Cela n’a pas tardé et sont tombées deux décisions contradictoire qui donnent du grain à moudre 0 la Cour européenne de justice mais aussi au Cours souveraines françaises. Le Tribunal de grande instance de Paris a rendu deux décisions contradictoires, concernant la garde à vue d’étrangers pour le seul motif du séjour irrégulier, l’une annulant la mesure et l’autre la validant. Il s’agit des premières ordonnances rendues en France après l’ arrêt de la Cour de justice de l’Union européenne (CJUE) . « Le maintien d’un étranger à la disposition des enquêteurs pour une infraction ne pouvant être sanctionnée d’une peine d’emprisonnement ne repose sur aucun fondement légal », a estimé mercredi le service des étrangers de la cour d’appel de Paris dans le cas d’un ressortissant chinois. Le placement en garde à vue ayant été ainsi jugé « irrégulier », le juge de la liberté et de la détention a ordonné la remise en liberté de cette personne placée en rétention après avoir été interpellée le 30 novembre lors d’un contrôle dans un restaurant à Nanterre.
Dans un autre cas, concernant un Tunisien placé en rétention le 1er décembre, la cour d’appel, composée différemment, a jugé « régulier » le placement en garde vue et déclaré « irrecevable » la requête de nullité formulée par la défense. « Il convient que l’administration dispose du délai utile à sa démarche auprès des autorités consulaires compétentes afin de mettre en oeuvre une mesure d’éloignement », selon l’ordonnance qui fait une autre lecture de l’arrêt de la CJUE. Cette ordonnance estime que la CJUE « ne s’oppose pas à un placement en garde à vue afin de déterminer le caractère irrégulier ou non du séjour d’un ressortissant d’un pays tiers sous la réserve d’une action diligente et d’une décision dans les plus brefs délais ». En France, le nouveau texte sur la garde à vue, entré en vigueur le 1er juin, prévoit cette mesure seulement lorsque la personne est soupçonnée d’avoir « commis ou tenté de commettre un crime ou un délit puni d’une peine d’emprisonnement ».
Si le Code d’entrée et de séjour des étrangers et du droit d’asile (Ceseda) punit d’emprisonnement le « séjour irrégulier », le droit européen « s’oppose à une législation nationale qui impose une peine d’emprisonnement à un ressortissant d’un pays tiers en séjour irrégulier au cours de la procédure de retour », a jugé la Cour de Luxembourg dans son arrêt qu’il vient de rendre.

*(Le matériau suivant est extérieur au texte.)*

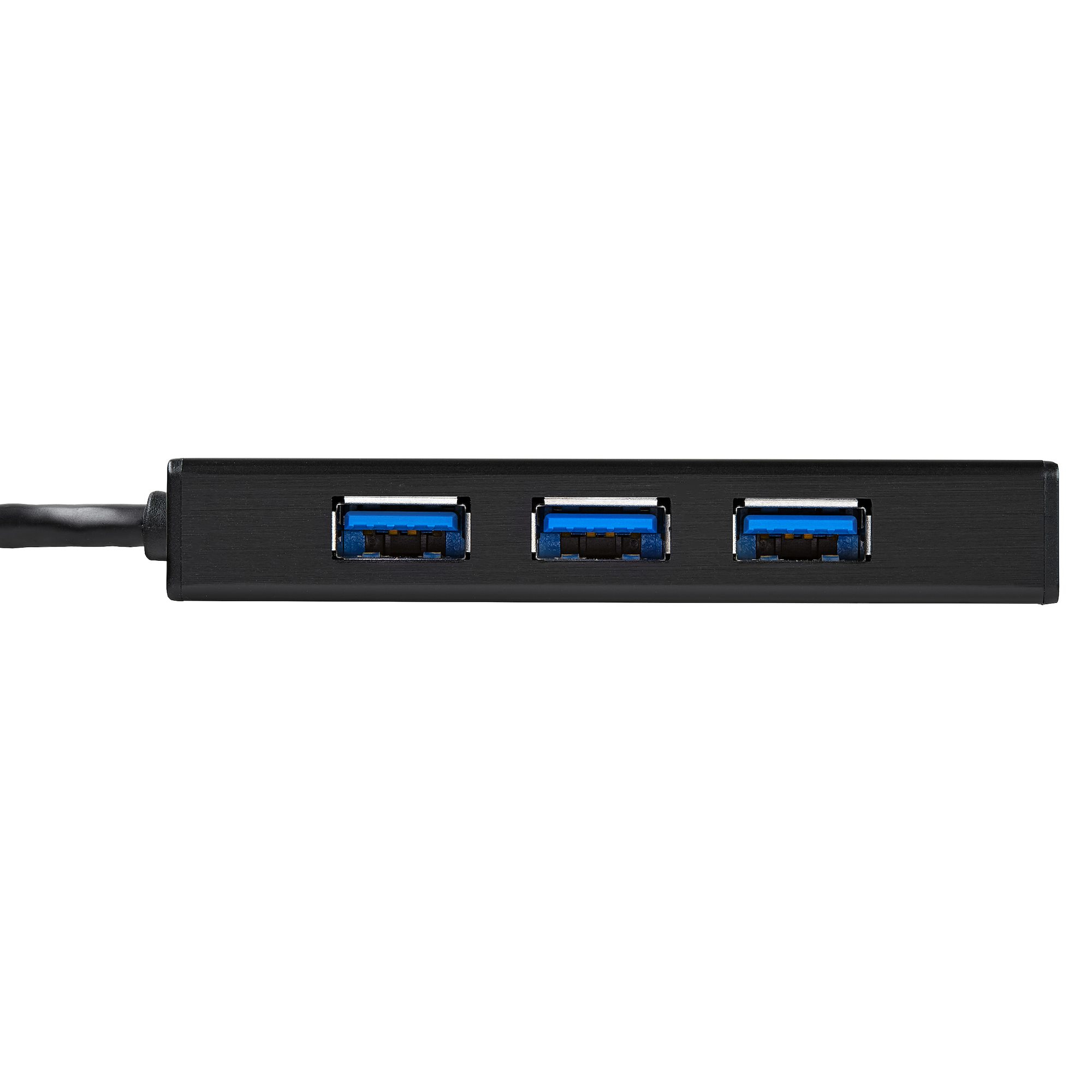 StarTech.com 3-poorts draagbare USB 3.0-hub plus Gigabit Ethernet - 5Gbps - aluminium met geintegreerde kabel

Un nouveau combat judiciaire s’ouvre jusqu’à ce que la Cour de cassation, le Conseil Constitutionnel et de nouveau la CJUE (dans une nouvelle affaire italienne) tranchent ce noeud gordien », ont fait remarquer plusieurs juristes. Le Conseil Constitutionnel va devoir se prononcer sur la pénalisation du séjour irrégulier. La Cour de cassation a en effet transmis le mois dernier aux « Sages » une question prioritaire de constitutionnalité (QPC), cette disposition qui permet à tout justiciable de contester la constitutionnalité d’une disposition législative.